アイデンティティの揺さぶり合い
入社して一年が経ち、新入社員が入社してきた。
私は後輩というのがめっぽう苦手で、それがなぜかというと優秀な人間に自分のアイデンティティが脅かされるのが怖いからである。
実際、今回入社した新人も様々な点において私よりも優秀であった。
自分自身で他人より優れていると思っていた部分が年下に抜かされるというのは大変苦痛で、自分という存在が何のためにあるのか、虚しくなってくる。
しかし、それによって、必死になって自分が優れている部分が何なのか探し、その部分を伸ばそうと努力し始める。

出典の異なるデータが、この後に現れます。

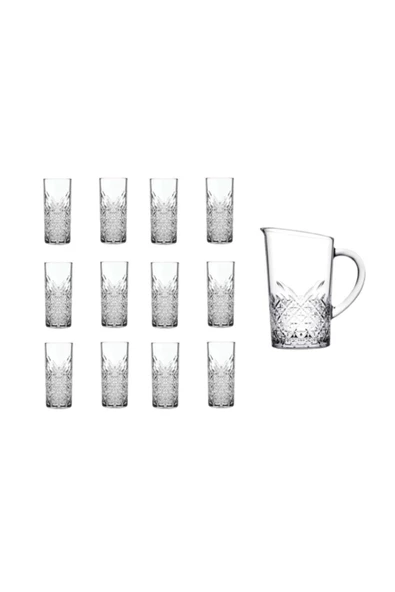 Paşabahçe Timeless 13 Parça Özel Seri Sürahili Bardak Timeless Rakı Bardak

レーダーチャートで例えれば、グラフどうしを重ねて、より先鋭な部分を探して、それをさらに高めようとすることである。
人間というものはそうやって他人にアイデンティティを脅かされ、揺さぶられることで成長するものなのだろうと思った。
今まで、私はそのような脅威と出会うたびに、引き籠り、安楽だけを求め、そういう対人関係を避けてきた。
その結果、自分の優れている部分が何なのか分からず、ただただプライドだけが先鋭化してしまったのだろう。
年の近い兄弟もなく、同年代のクラスメイトと交流をまともに持たずに生きていくことは、大変にもったいない人生の過ごし方をしているのかもしれない。